▶ What to produce: Without the images, repeat every line of the listing verbatim.

▶ Supplied data:
::::::

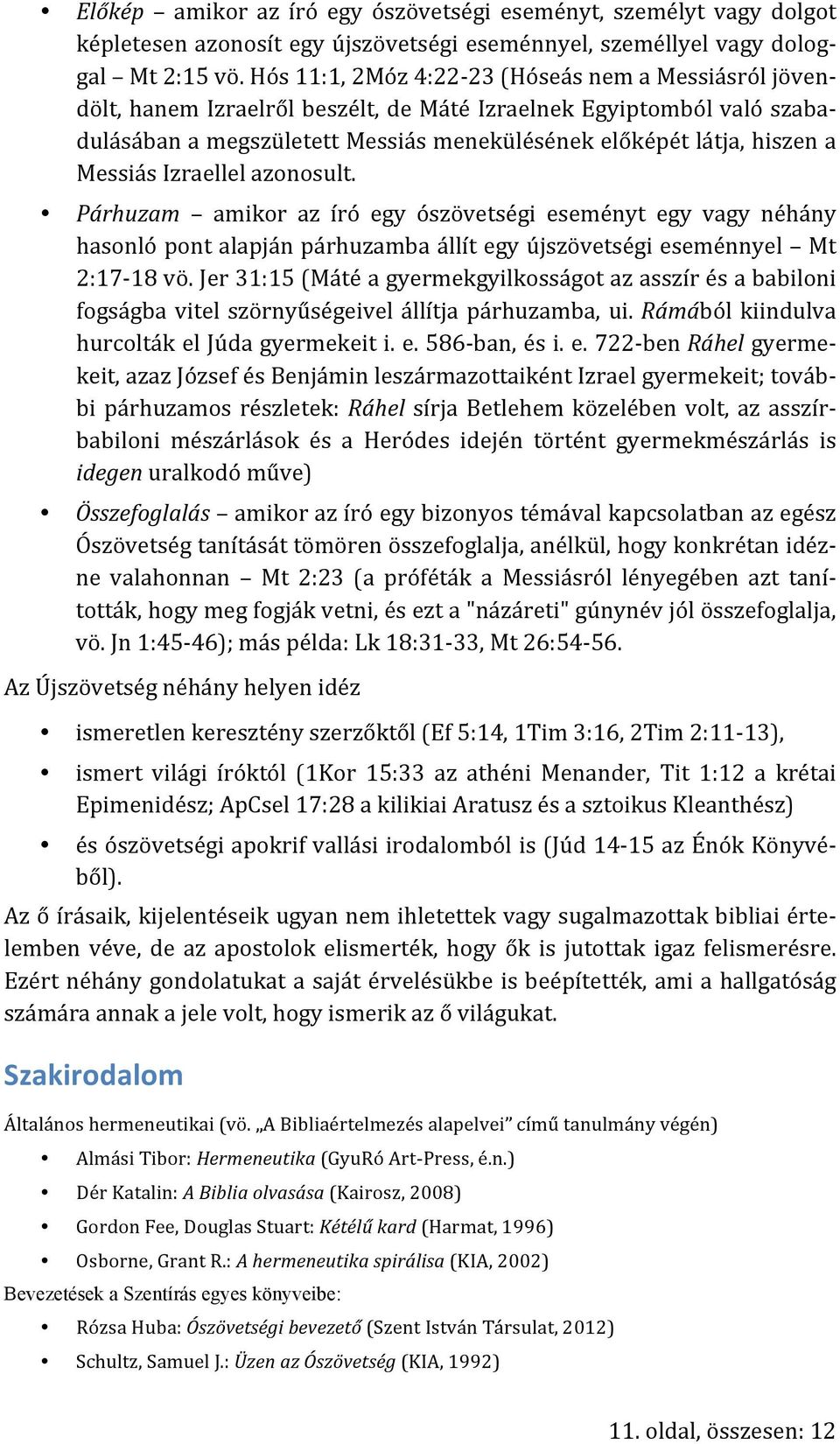 Messiás Izraellel azonosult. Párhuzam amikor az író egy ószövetségi eseményt egy vagy néhány hasonló pont alapján párhuzamba állít egy újszövetségi eseménnyel Mt 2:17-18 vö.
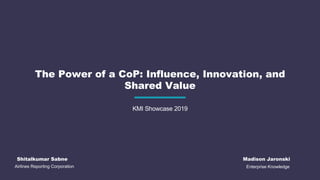 Airlines Reporting Corporation
KMI Showcase 2019
Shitalkumar Sabne
The Power of a CoP: Influence, Innovation, and
Shared Value
Madison Jaronski
Enterprise Knowledge
 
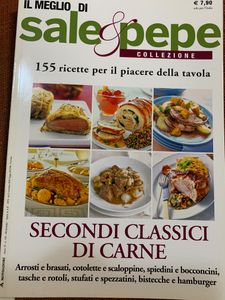 Il Meglio Di Sale & Pepe. Arrosti E Brasati, Cotolette E Scaloppine, Spiedini E Bocconcini, Tasche E Rotoli, Stufati E Spezzatini, Bistecche E Hamburgher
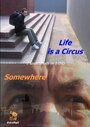 Фильм «Life Is a Circus» смотреть онлайн фильм в хорошем качестве 720p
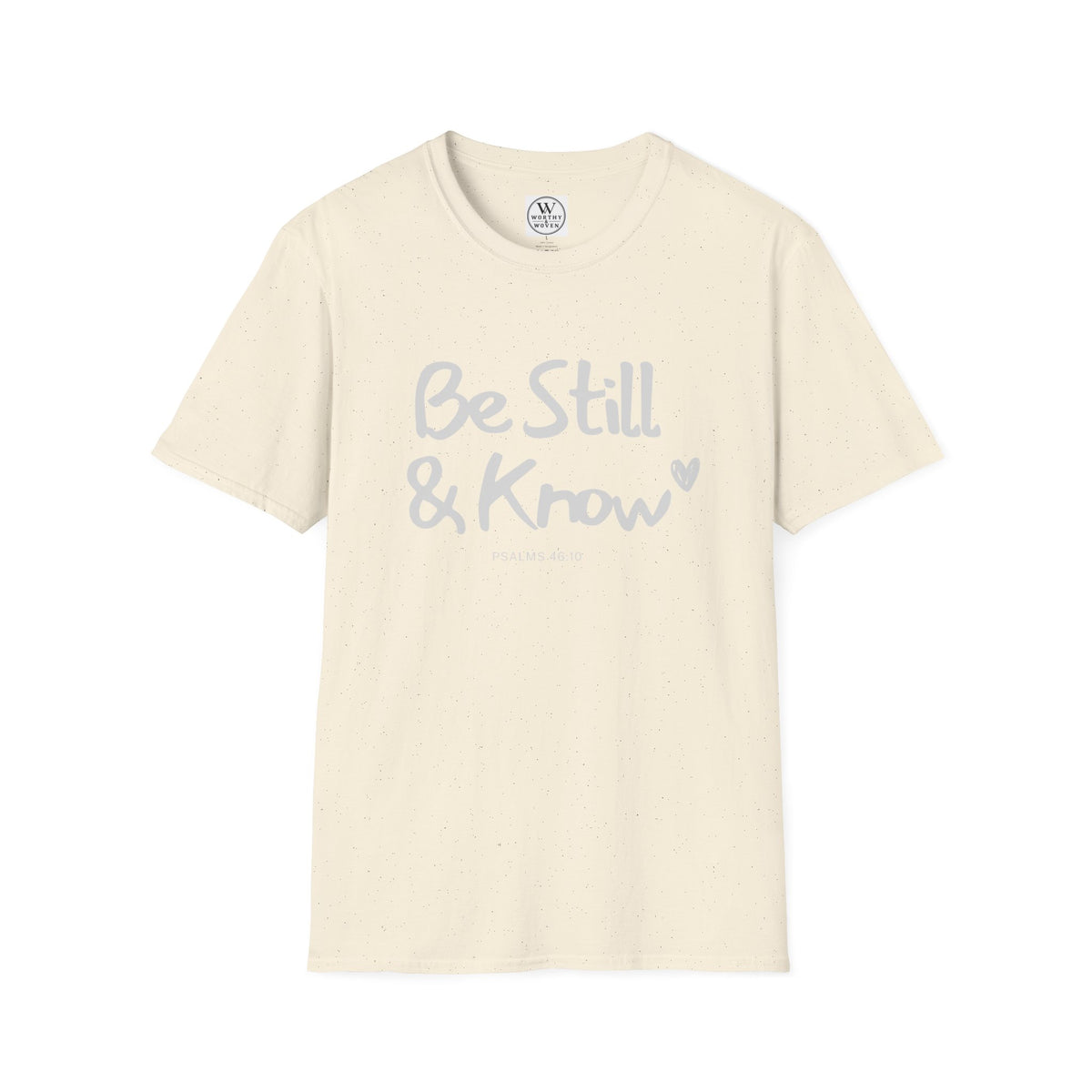 T-Shirt — "Be Still & Know" Inspirational Relaxed Tee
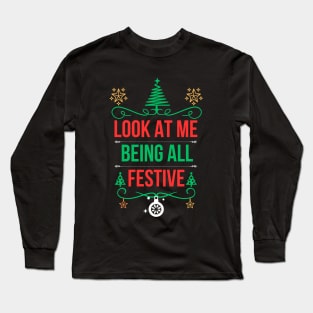 Christmas Funny Saying,Ideal for Special Occasions and Unique Holiday Gift Ideas - Look at Me Being All Festive Long Sleeve T-Shirt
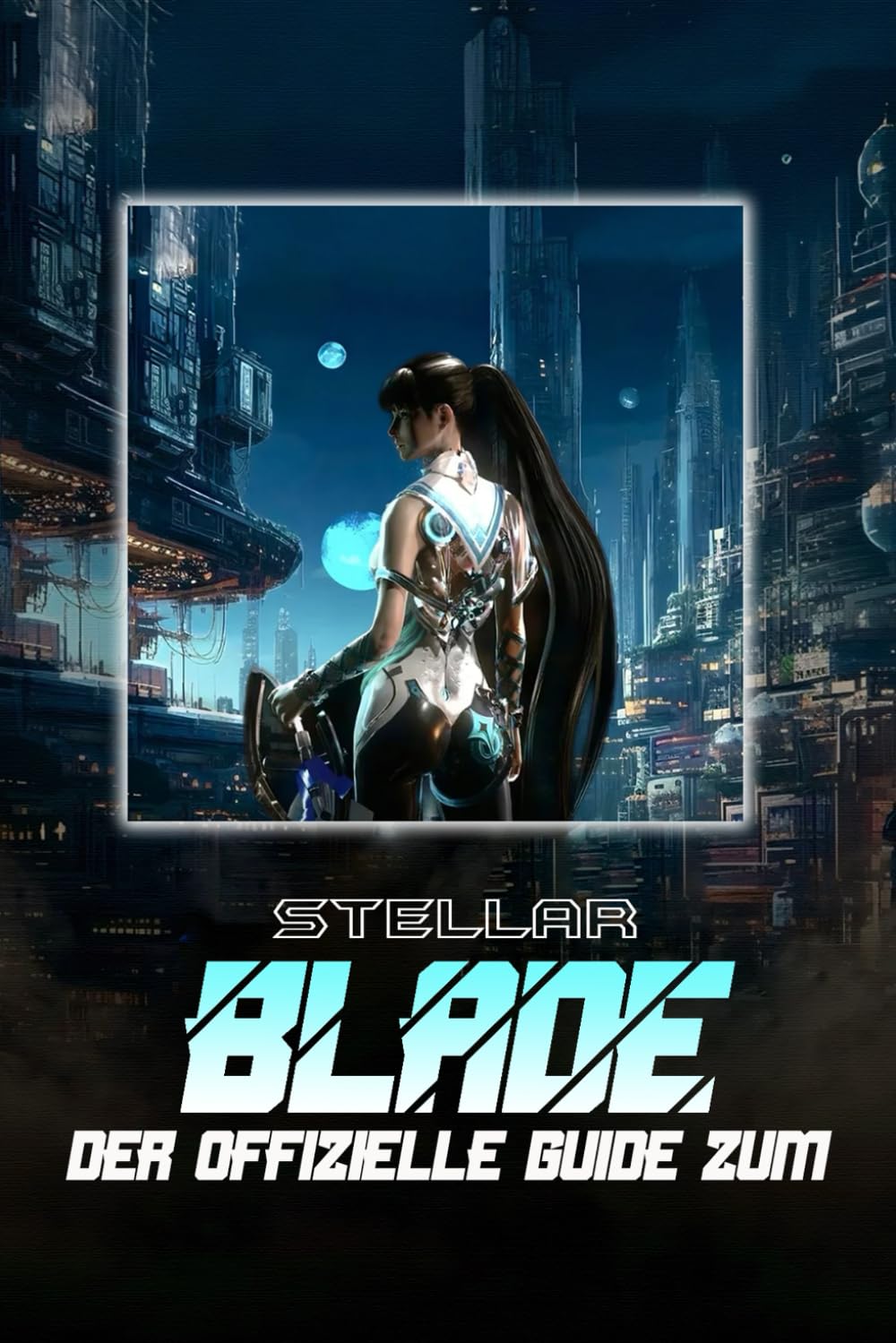 Stellar Blade: DER OFFIZIELLE GUIDE ZUM SPIEL: Der vollständige Leitfaden und die Komplettlösung mit Tipps, Tricks und Strategien zur Eroberung des Ödlands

::::::

▶ Solution for this task:
 Messiás Izraellel azonosult. Párhuzam amikor az író egy ószövetségi eseményt egy vagy néhány hasonló pont alapján párhuzamba állít egy újszövetségi eseménnyel Mt 2:17-18 vö.
 Airlines Reporting Corporation
KMI Showcase 2019
Shitalkumar Sabne
The Power of a CoP: Influence, Innovation, and
Shared Value
Madison Jaronski
Enterprise Knowledge
 
 Il Meglio Di Sale & Pepe. Arrosti E Brasati, Cotolette E Scaloppine, Spiedini E Bocconcini, Tasche E Rotoli, Stufati E Spezzatini, Bistecche E Hamburgher
 Фильм «Life Is a Circus» смотреть онлайн фильм в хорошем качестве 720p
 T-Shirt — "Be Still & Know" Inspirational Relaxed Tee
 Christmas Funny Saying,Ideal for Special Occasions and Unique Holiday Gift Ideas - Look at Me Being All Festive Long Sleeve T-Shirt
 Stellar Blade: DER OFFIZIELLE GUIDE ZUM SPIEL: Der vollständige Leitfaden und die Komplettlösung mit Tipps, Tricks und Strategien zur Eroberung des Ödlands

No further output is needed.